(Listed entries)
☆ ☆ ☆

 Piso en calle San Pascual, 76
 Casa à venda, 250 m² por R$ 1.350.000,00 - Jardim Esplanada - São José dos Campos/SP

☆ ☆ ☆

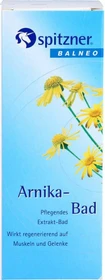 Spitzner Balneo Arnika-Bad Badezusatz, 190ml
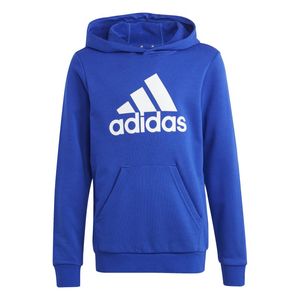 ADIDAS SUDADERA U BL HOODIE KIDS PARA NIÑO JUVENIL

☆ ☆ ☆

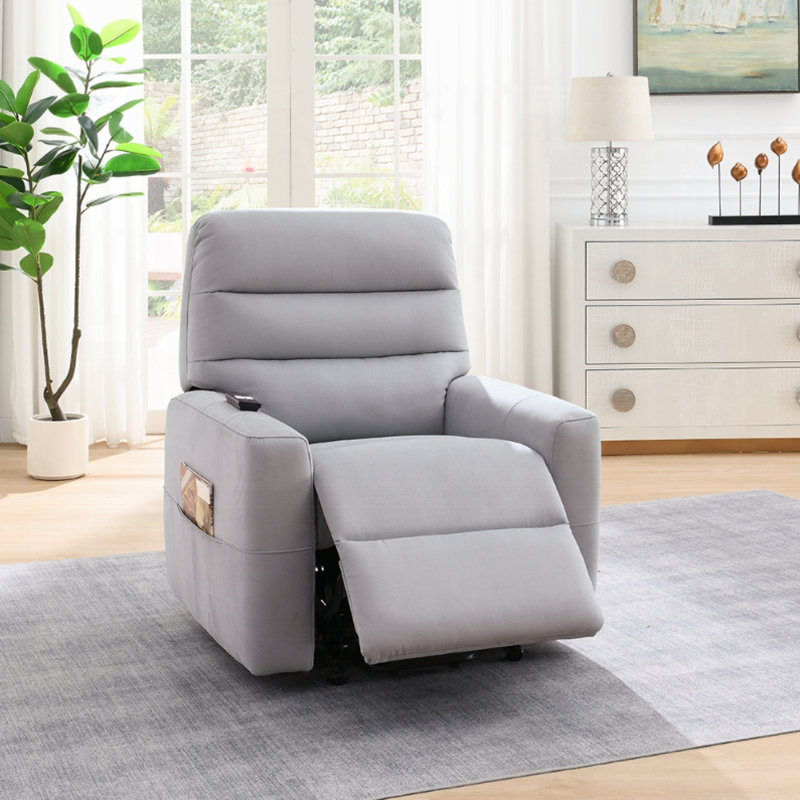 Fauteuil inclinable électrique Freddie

☆ ☆ ☆

(Problem to solve) Taking the records above, retype every line from the one with "Piso en calle San Pascual, 76" down to the one with "Casa à venda, 250", exactly and with nothing else.

(Solved problem)
 Piso en calle San Pascual, 76
 Casa à venda, 250 m² por R$ 1.350.000,00 - Jardim Esplanada - São José dos Campos/SP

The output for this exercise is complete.